Mother’s visitation with the children was changed from monitored to
unmonitored, and her visits remained consistent and appropriate. Overnight visitation
could not begin until everyone in the home in which mother was living was fingerprinted.
P.C. began counseling to deal with her separation from mother. Mother received new
referrals for parenting classes and counseling. She completed her parenting classes, but
missed counseling sessions. In a status review report dated July 17, 2006, SSA
recommended that reunification services be continued.
In a status review report addendum dated August 7, 2006, however, SSA
recommended reunification services be terminated. The social worker opined mother
was unable to complete the case plan due to poor follow-through. The juvenile court
again ordered reunification services to continue.
Mother maintained contact with SSA, and completed individual counseling.

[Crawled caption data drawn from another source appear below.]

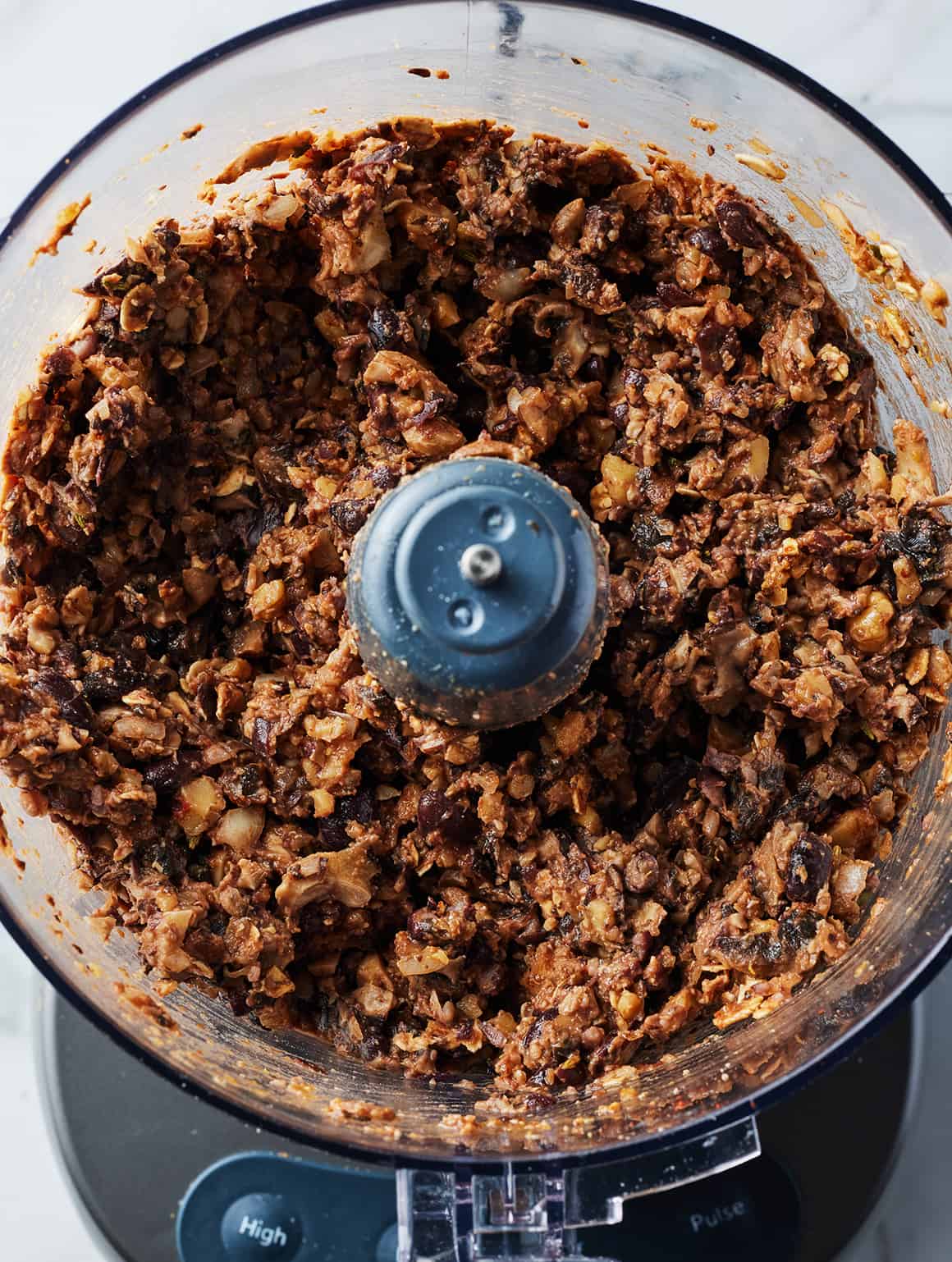 Finely chopped vegan meatballs ingredients in a food processor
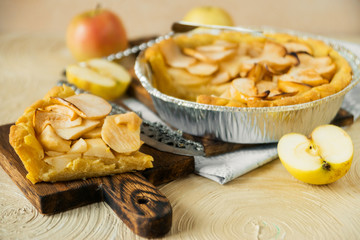 Traditional home-made autumn Apple pie-Charlotte, on a light background with appliances.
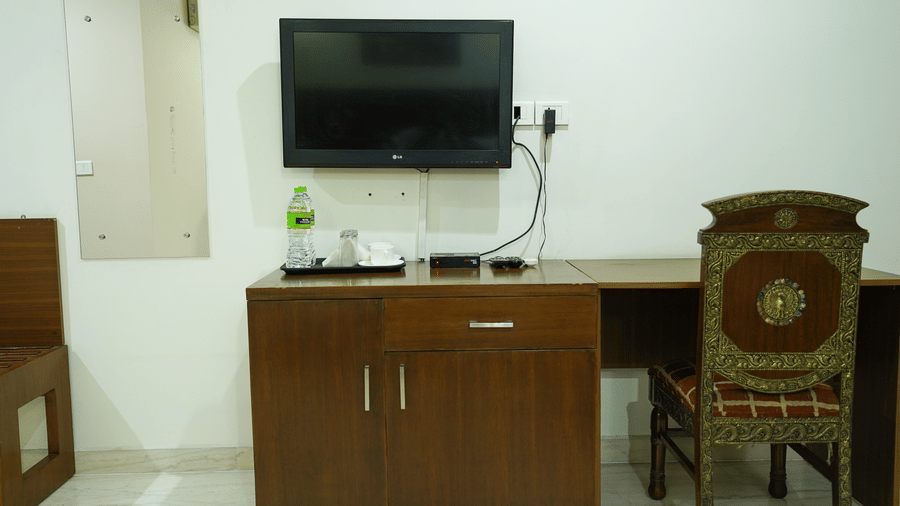 Guest room with a wall-mounted LG TV, a wood console holding a water bottle and cups, a mirror, and a carved chair.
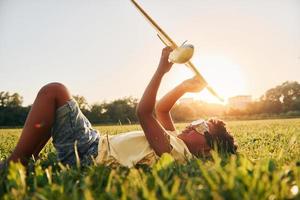 i glasögon med leksak plan. afrikansk amerikan unge ha roligt i de fält på sommar dagtid foto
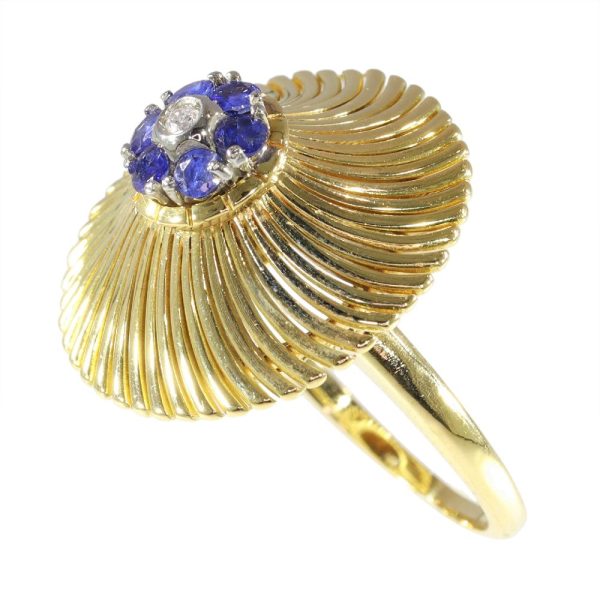 Vintage gold ring set with diamond and sapphires.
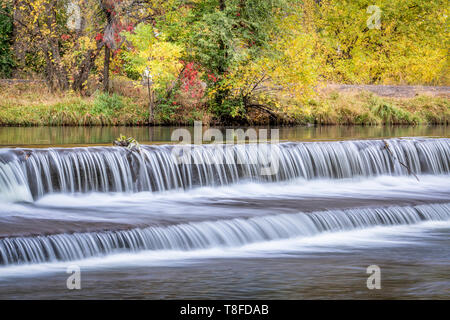 Au cours d'une cascade d'eau sur le barrage de dérivation de la rivière Powder avec couleurs d'automne au bakcground Banque D'Images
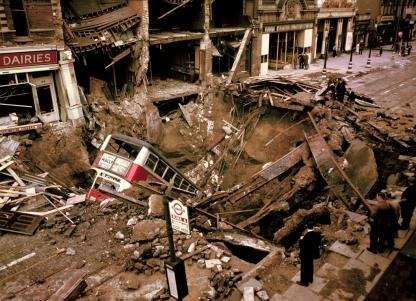 A London bus rests in a massive crater left by a German bomb.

Mother moved in with her maternal aunt and uncle in Buena Park. In January 2007, SSA
made an unannounced visit to the uncle’s home; he stated he did not want mother living
there any longer. SSA referred mother to the Pennysaver to find adequate housing. A
family unification referral was completed, but not given to mother to sign. (A family
unification referral might have put mother higher on the waiting list for
government-subsidized, low-income housing.)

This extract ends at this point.